The implements that he uses have in their form a function evolved by a society
which predetermines the ways of using them. When tackling any job, we all have
to take into account what has already been achieved before us. The wealth and
complexity of the individual's social content are conditioned by the diversity
of his links with the social whole, the degree to which the various spheres of
the life of society have been assimilated and refracted in his consciousness
and activity. This is why the level of individual development is an indicator
of the level of development of society, and vice versa. But the individual does
not dissolve into society. He retains his unique and independent individuality
and makes his contribution to the social whole: just as society itself shapes
human beings, so human beings shape society.

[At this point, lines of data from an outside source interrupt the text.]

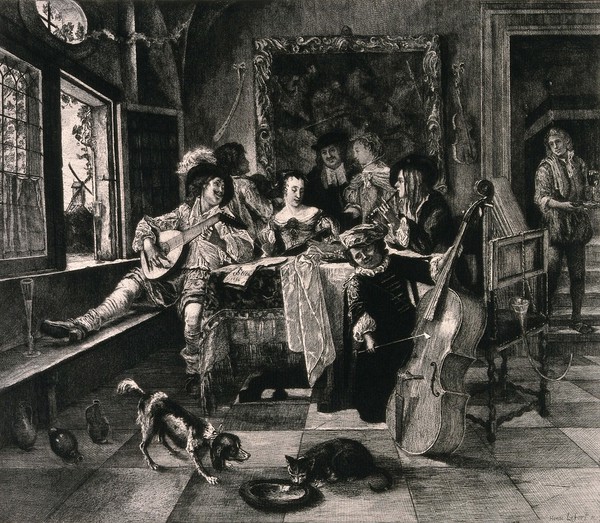 A family group of musicians with three members playing instruments and others listening and looking on. Etching by Henri Lefort after Jan Steen.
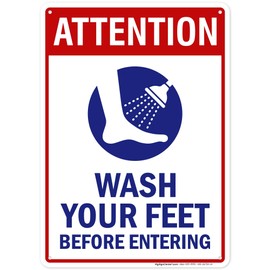 Attention Wash Your Feet Before Entering Sign, 10x14 Inches, Rust Free .040 Aluminum, Fade Resistant, Made in USA by My Sign Center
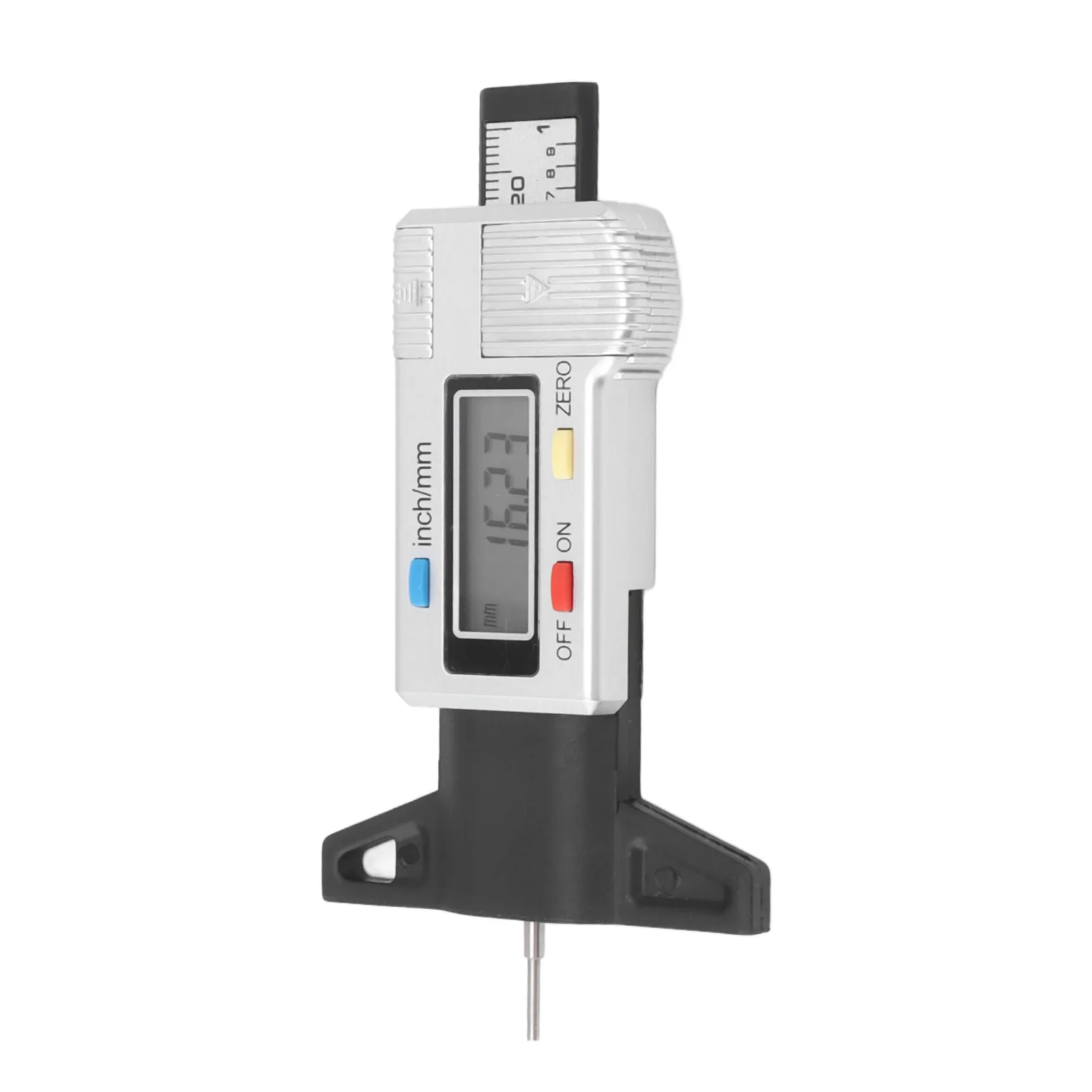 LCD Display Tire Tread Depth Gauge Plastic mm Inch Conversion Tread Wear Indicator Sliding Probe Zero Setting Function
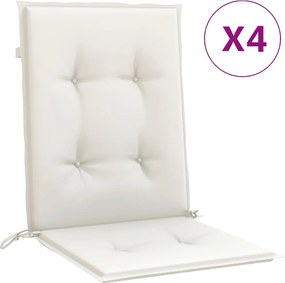 vidaXL Perne scaun cu spătar scund 4buc. melanj crem 100x50x4cm textil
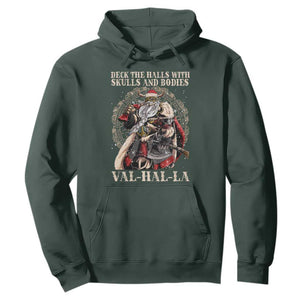 Viking Christmas Hoodie Deck The Halls With Skulls And Bodies Valhalla TS11 Dark Forest Green Print Your Wear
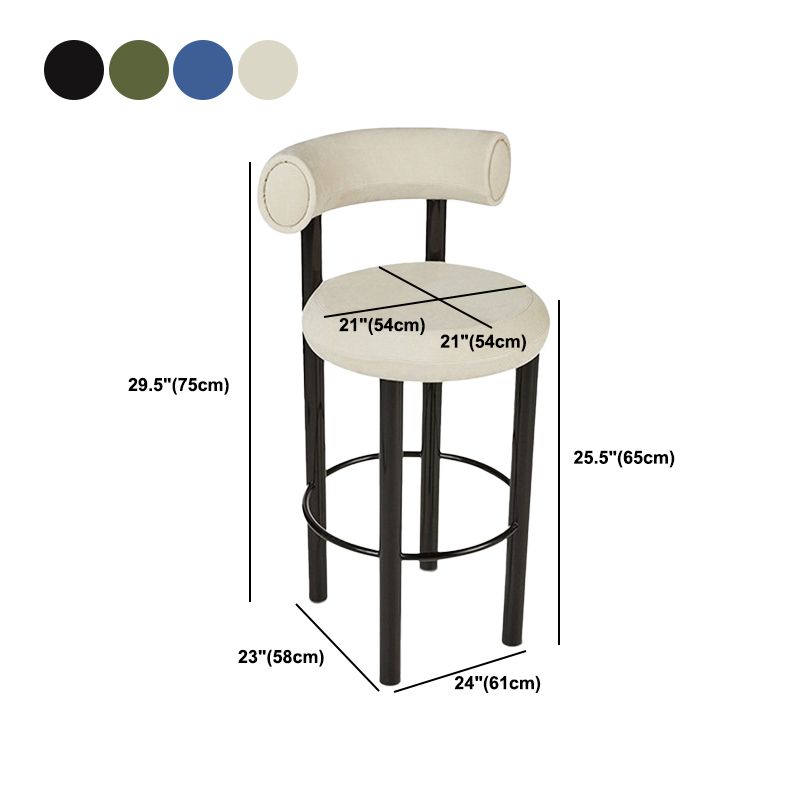 Contemporary Fabric Cushion Metal Barstool with 4 Legs in Matte Finish for Indoor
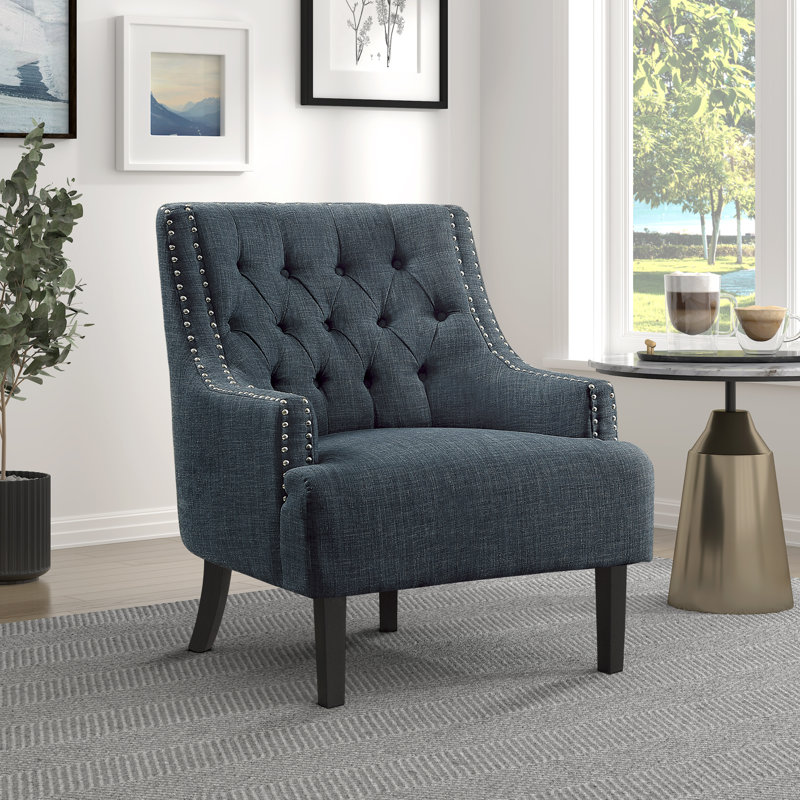 Bania 28" Modern & Contemporary Accent Chair with Textured Fabric Upholstery, Button-Tufted Chair Back, Nailhead Trim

The individual is a link in the
chain of the generations. His affairs are regulated not only by himself,
but also by the social standards, by the collective reason or mind. The true
token of individuality is the degree to which a certain individual in
certain specific historical conditions has absorbed the essence of the
society in which he lives.
Consider, for instance, the
following historical fact. Who or what would Napoleon Bonaparte have been if
there had been no French Revolution? It is difficult or perhaps even impossible
to reply to this question. But one thing is quite clear—he would never have
become a great general and certainly not an emperor. He himself was well
aware of his debt and in his declining years said, "My son cannot
replace me. I could not replace myself. I am the creature of
circumstances."[1] It
has long been acknowledged that great epochs give birth to great men. What
tribunes of the people were lifted by the tide of events of the French
Revolution.
Mirabeau, Marat, Robespierre, Danton. What young, some times even youthful talents that had remained dormant among the people were raised to the heights of revolutionary, military, and organisational activity by the Great October Socialist Revolution. It is sometimes said that society carries the individual as a river carries a boat. This is a pleasant simile, but not exact. An individual does not float with the river; he is the turbulently flowing river itself.
The events of social life do not come about by themselves; they are made. The great and small paths of the laws of history are blazed by human effort and often at the expense ofhuman blood. The laws of history are not charted in advance by superhuman forces; they are made by people, who then submit to their authority as something that is above the individual.